Testing models; more PCT considerations re TRT

[From Bill Powers (941130.1600 MST)]

Tom Bourbon (941130.0833) --

The altered environments provide tests for _both_ models, not just the
TRT model. Under the new conditions, either model, or both of them, can
succeed, or fail.

Before Bruce Abbott pops his cork, I hasten to point out that the Law of
Effect model was supposed to illustrate _learning_, not just the
performance of going up a gradient. The learning was in the form of
changes in the probability per unit time of a tumble for dNut positive
or negative (separately). The control models did not exhibit any
learning (that Bruce would accept as real learning), so the same aspect
of the two models was not being tested.

Bruce's model contains a control model, but the form is a little
different from the one I proposed. If dNut is positive, the delay is
determined by PTS+, which tends toward zero (producing maximum delay)
but PTS+ is not affected by the error signal. If dNut is negative, the
delay is determined by PTS-, which tends toward 1.0 (zero delay) and is
also not affected by the error signal. The error signal itself is simply
the condition of dNut being greater or less than zero by any amount
however small. It simply causes switching between using the two
probabilities as appropriate for positive and negative dNut.

ยทยทยท

---------------------------------------
An addendum to this morning's post about models of learning.

One thing I meant to go into, but kept getting sidetracked from, was the
fact that there is normally no one behavior that will produce a given
consequence. This fact doesn't show up in the special situations that
are commonly studied, because in these situations _there are no
disturbances_. It is only when the environmental situation is completely
constant that there can be any "discriminative stimulus" that predicts
the "right behavior" for producing a given consequence.

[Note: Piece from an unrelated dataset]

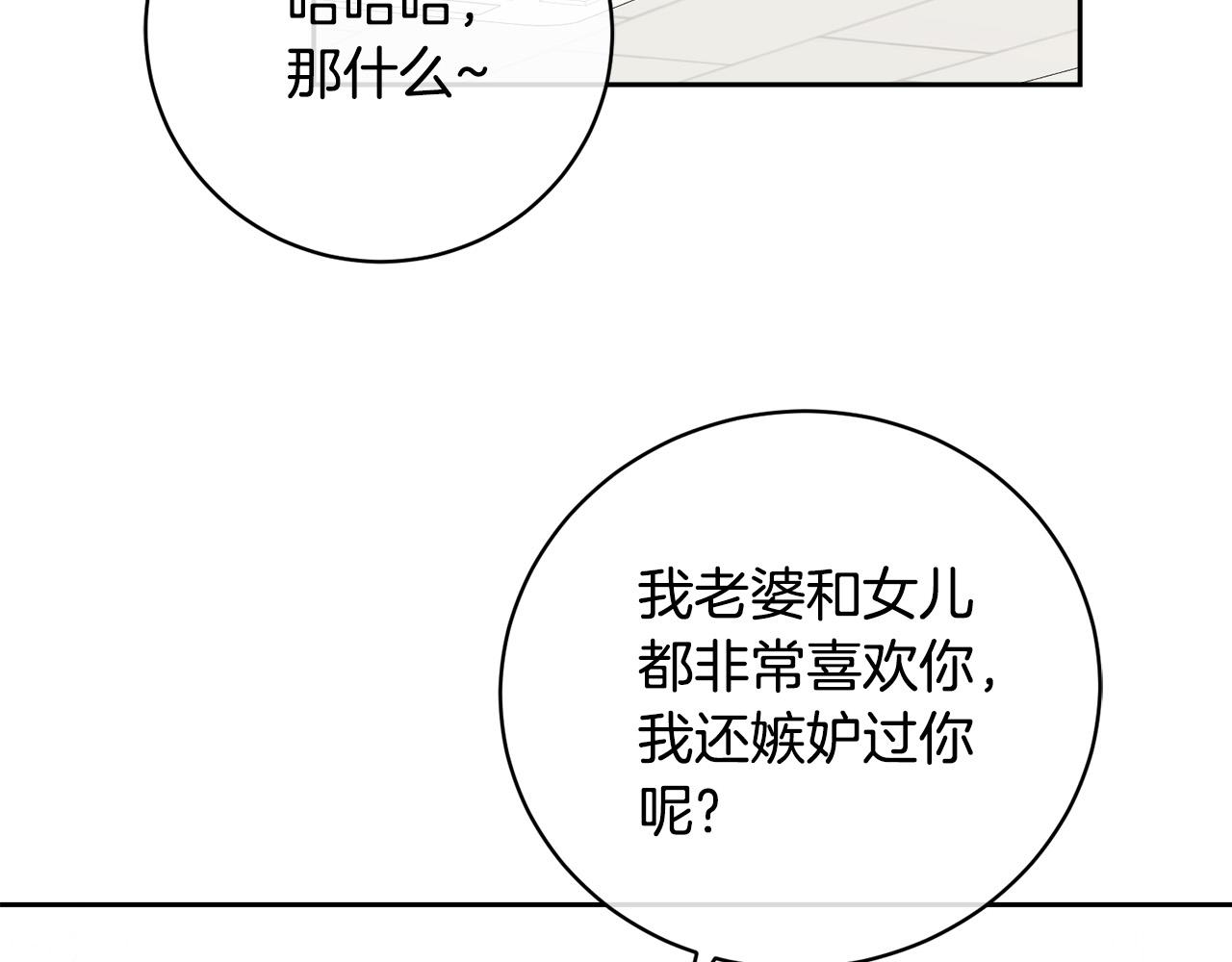 乌鸦哭泣的夜原著漫画,第52话 危险来临2图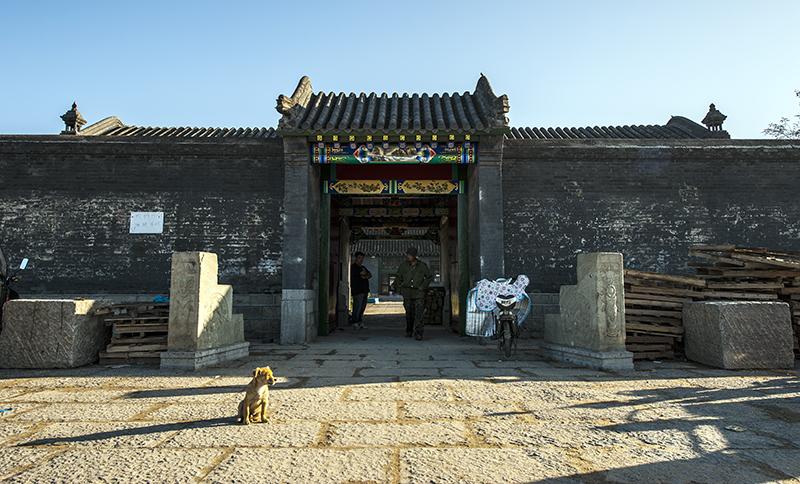 灯塔市高公馆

This is really a branch off the remark about Skinner's idea of the
operant as a class of behaviors with a common consequence. In fact, we
generally name behaviors by the most striking consequence they produce,
which means that if different behaviors are required to produce the same
consequence, we will not notice the difference. We use the same name for
all the different actions: opening the puzzle box, pressing the bar,
running the maze. No matter what the cat does to open the puzzle box, we
call it "opening the puzzle box" or an "escape response," as if this
were just one unitary act.

There are really three ideas here. First, disturbances normally require
that _different_ actions be performed to achieve the _same_ consequence.
Second, when different actions are performed but the behavior is named
for the consequence that they produce, actions that are actually
different are reported as having been the same. And third, different
actions are required because in a normal environment, independent causes
-- disturbances -- contribute to the consequence, so it is impossible to
repeat a consequence except by varying the action.

And maybe fourth: behavior is typically reported qualitatively: the cat
escaped from the puzzle box, or it did not. But what makes behavior work
are quantitative relationships between the actions produced by the
organism and their effects on the environment. To escape the puzzle box,
the cat might have to rotate a latch by 90 degrees. But for the kind of
latch I have in mind, a crossbar pivoted in the center, rotating it
either 110 degrees or 80 degrees will not work: the rotation must be
close to 90 degrees. What matters is not _that_ the latch was rotated,
but _how much_ it was rotated. So what the cat learns is to produce a
quantitative change in an environmental variable, the angle of the
latch's crossbar.

However, the experimenter who is not thinking quantitatively may not
notice this. The result may be reported as if either the action is
effective in opening the door, or it is not. There can thus seem to be
discriminative stimuli that signal this behavior in a logical way, when
in fact a mere logical (on-off) signal can't discriminate between
amounts of effect on the environment caused by actions.

These are somewhat esoteric matters. The main point, however is the
effect of disturbances when they are allowed to happen.

A variable-ratio schedule can be represented as a fixed-ratio schedule
plus a disturbance. The PCT-predicted relationship of behavior to the
disturbance, however, is not easily seen, because the random variable is
considerably too random; any ratio can be followed immediately by any
other ratio within the possible range. This would be like a tracking
experiment in which the cursor was disturbed every 1/60 second, jumping
instantaneously from any position to any other position in a blur too
fast to follow. The bandwidth of the disturbance is too wide to reveal
the control system at work.

To apply the disturbance in a way that would let us see the operation of
the control system, a variable-ratio schedule should have the schedule
changed in small increments: for example, 20, 23, 25, 27, 23, 19, 16,
18, 24, 30, 29 ... and so on -- unpredictably, but not rapidly. Under
these conditions we should see the behavior rate changing to compensate
for the change in ratio.

When disturbances are present, we can find that a given consequence is
repeated by means of _any behavior within the range of the relevant
behavior_. In this sort of situation, it is obviously futile to provide
a discriminative stimulus that indicates what behavior is needed to
produce the consequence. The amount of behavior that achieves the
consequence on one trial will prevent its achievement on the next. The
mere fact that one amount of behavior produced the consequence on one
trial is no indication of the amount that will be needed to achieve it
on the next trial.

The Law of Effect makes sense only in those cases where the effects of
actions are regular consequences -- where a given action will always
have the same effect. Such cases do exist, of course. But the model we
need must also be able to take care of cases where this regularity is
not seen, because we can demonstrate many cases, the majority in fact,
in which only variable behavior can possibly create a repeatable
consequence.

If we have a model that can account for the more difficult case, it will
automically handle the case without disturbances. But the reverse is not
true: the Law of Effect which can handle behavior with regular
consequences can't handle the case when there are unpredictable
disturbances. Unless we want to claim that the basic organization of the
nervous system changes depending on whether disturbances happen to be
present, we must go with the model that handles the wider range of
cases.
-----------------------------------------------------------------------
Best,

Bill P.